Not only are the odds of getting a horrible illness pretty low, the odds of anyone being able to foresee a particular illness coming in advance is even lower.

Exactly Gary. Throughout my 3 year battle with HA I envied my husband's ability to look at the possibility of developing a serious illness as "what will be will be, if it's going to happen, no amount of worrying about it will stop it from happening. I envy anyone with that attitude.

unsure_about_this
20-03-17, 10:25
Stats do me no good, I have been worried about so many cancers because of my symptoms, currently I am on worrying now about penile cancer and still worrying about testicle cancer at 33. In the past it was bowel cancer worries so silly enough check stats because I had a few symptoms

Toaster
20-03-17, 10:34
The way I look at it is that no matter how many people you know with a rare disease, the statistics hold true. People don't realize how large their sample sets are sometimes. If one of my 1,000 Facebook friends gets cancer... it's not that bizarre. But the chances of it happening to one individual are still very low.

crystal17
24-03-17, 01:16
Not only are the odds of getting a horrible illness pretty low, the odds of anyone being able to foresee a particular illness coming in advance is even lower.

I might sound really dumb, but what do you mean by this? Surely if you spot symptoms then you are more likely to see it coming, or is that just the HA sufferers mentality?

My thing is I always have to be in control of my health or my family's.
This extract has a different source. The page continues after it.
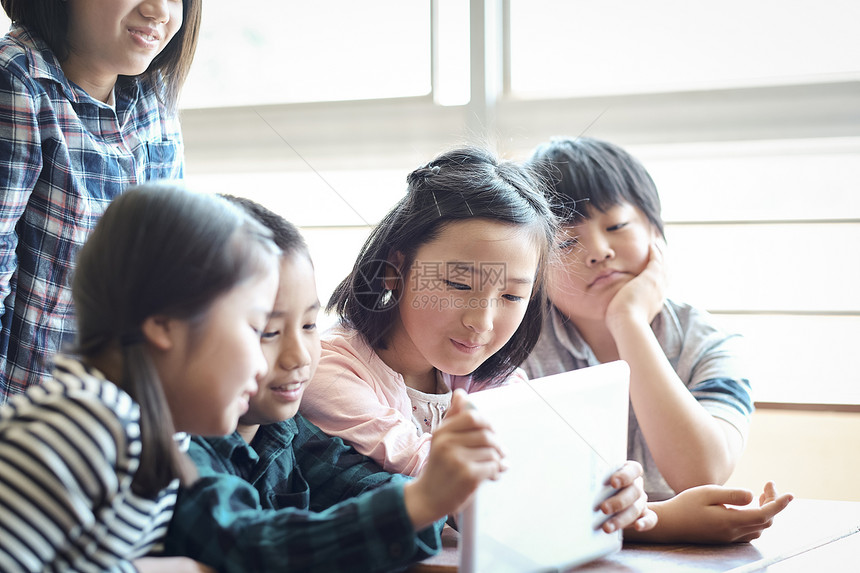 在课堂上学习平板电脑知识的小朋友图片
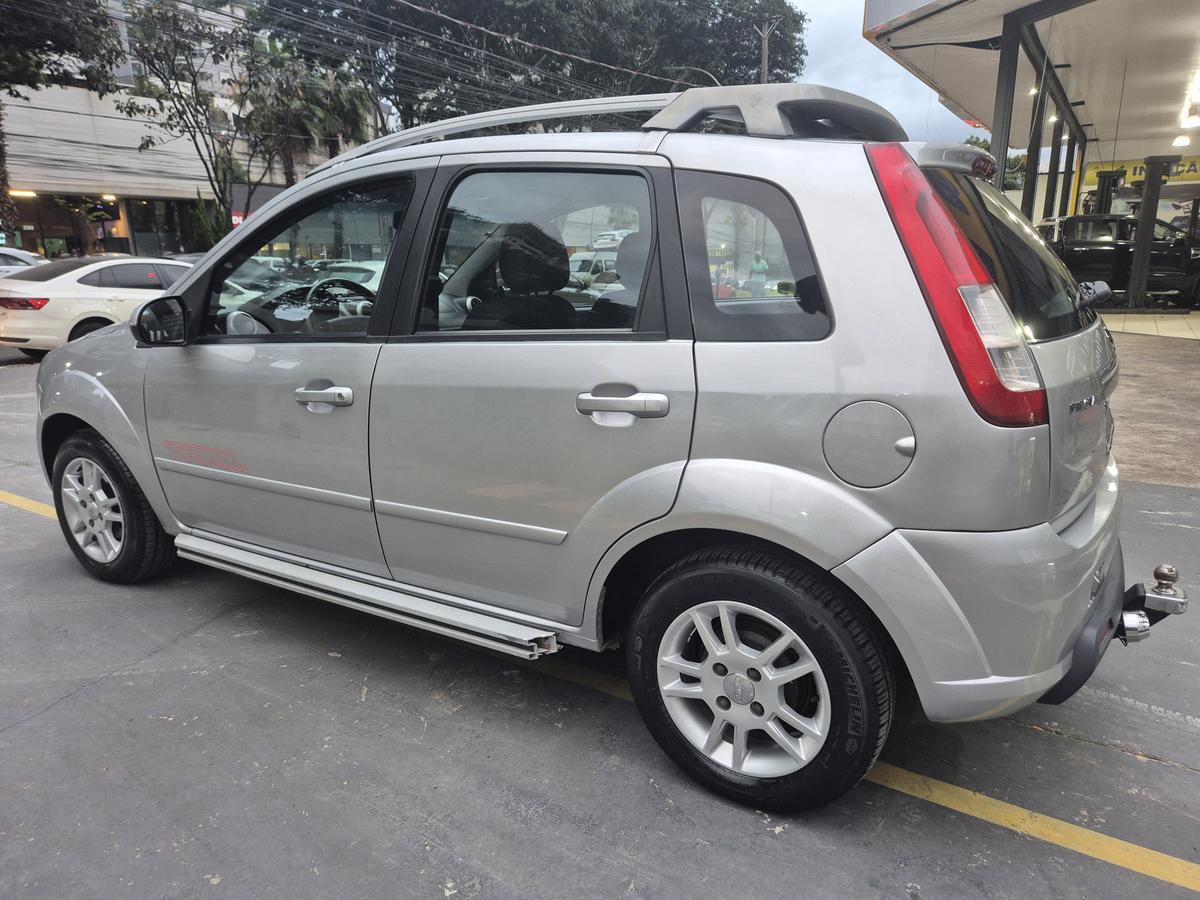 Ford Fiesta Trail 1.6 8v Flex 5p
I feel like if I can be there at the moment anything happens then it's going to help somehow.

---------- Post added at 01:16 ---------- Previous post was at 01:14 ----------


The way I look at it is that no matter how many people you know with a rare disease, the statistics hold true. People don't realize how large their sample sets are sometimes. If one of my 1,000 Facebook friends gets cancer... it's not that bizarre. But the chances of it happening to one individual are still very low.

I've always struggled to understand this, but you're right the statistics are valid. I think this has contributed to my HA massively, basically arguing with statistics!